MATERIAL TO PROCESS =>
++++++++++++++++++++

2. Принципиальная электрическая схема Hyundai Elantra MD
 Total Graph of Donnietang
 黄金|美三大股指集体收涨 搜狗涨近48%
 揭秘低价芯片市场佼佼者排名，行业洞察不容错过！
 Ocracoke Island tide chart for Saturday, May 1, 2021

++++++++++++++++++++

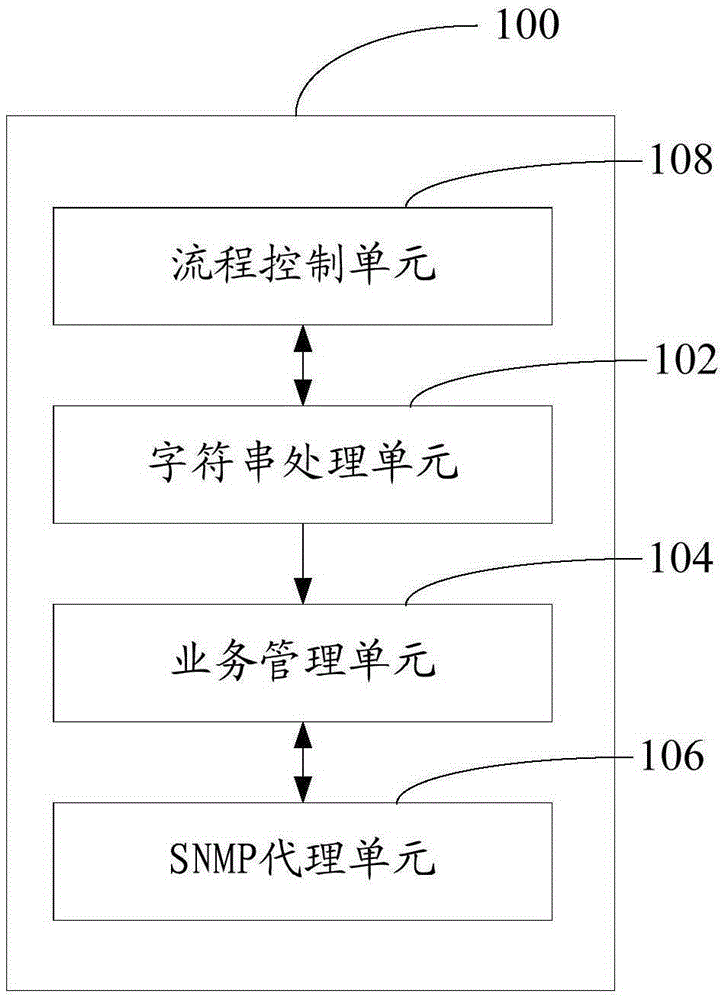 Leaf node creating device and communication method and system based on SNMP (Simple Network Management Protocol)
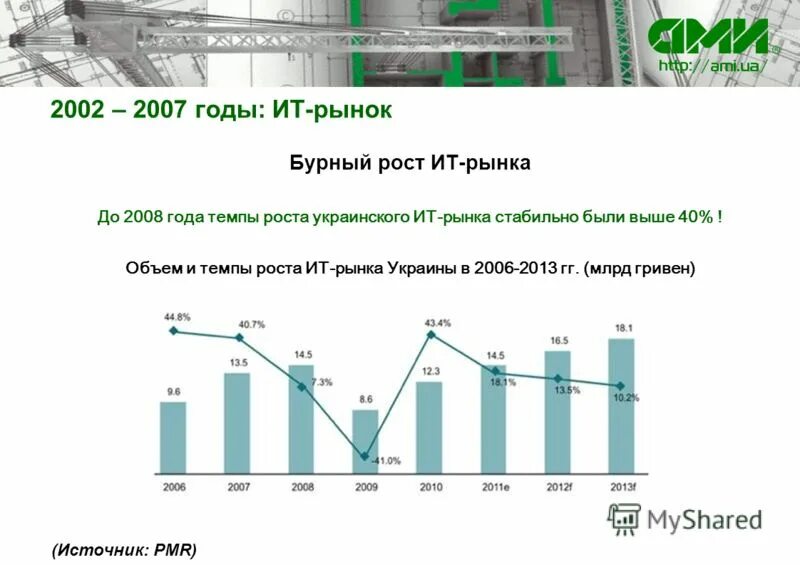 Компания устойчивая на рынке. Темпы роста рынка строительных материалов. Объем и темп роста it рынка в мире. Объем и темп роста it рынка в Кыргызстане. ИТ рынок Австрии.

++++++++++++++++++++

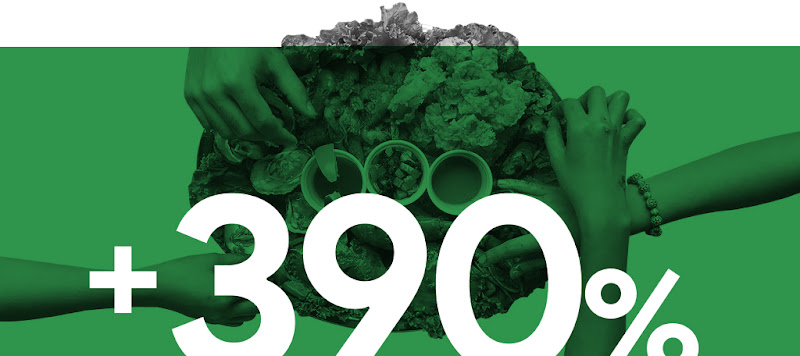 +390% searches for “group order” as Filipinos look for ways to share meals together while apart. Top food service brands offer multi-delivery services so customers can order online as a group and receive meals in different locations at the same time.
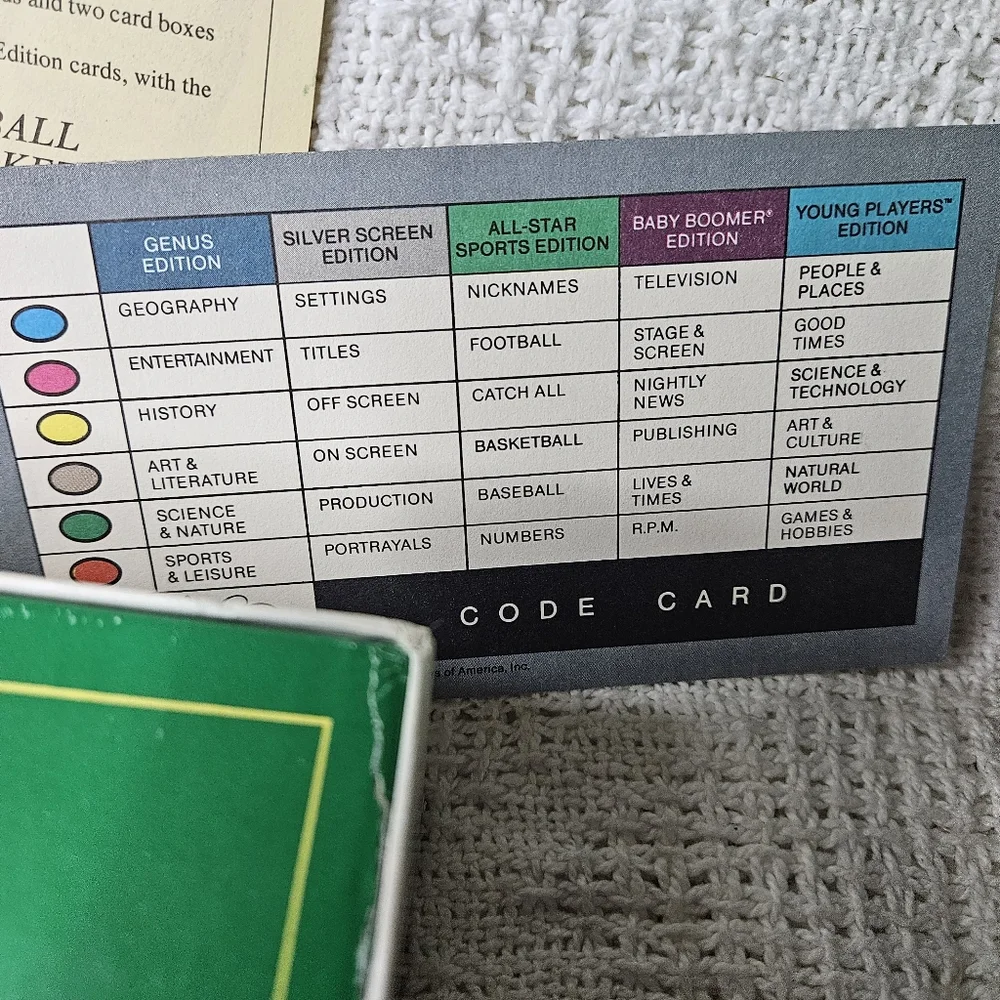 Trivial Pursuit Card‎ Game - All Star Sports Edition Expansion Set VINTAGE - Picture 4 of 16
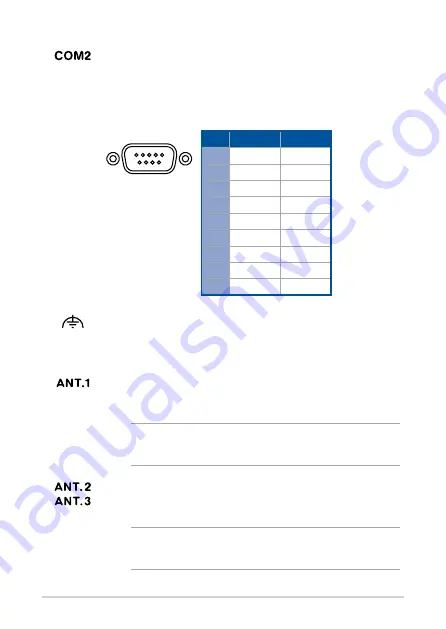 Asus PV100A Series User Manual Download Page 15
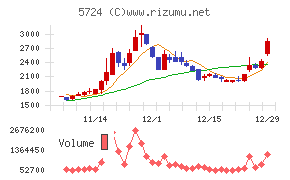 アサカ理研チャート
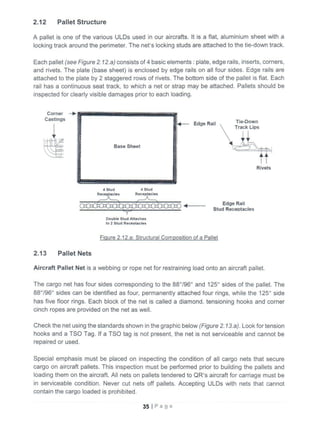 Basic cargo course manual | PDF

++++++++++++++++++++

Starting at the line that has "揭秘低价芯片市场佼佼者排名，行业洞察不容错过！" in the records above, restate word for word every line until the one that has "Ocracoke Island tide", and include that one as well.

 揭秘低价芯片市场佼佼者排名，行业洞察不容错过！
 Ocracoke Island tide chart for Saturday, May 1, 2021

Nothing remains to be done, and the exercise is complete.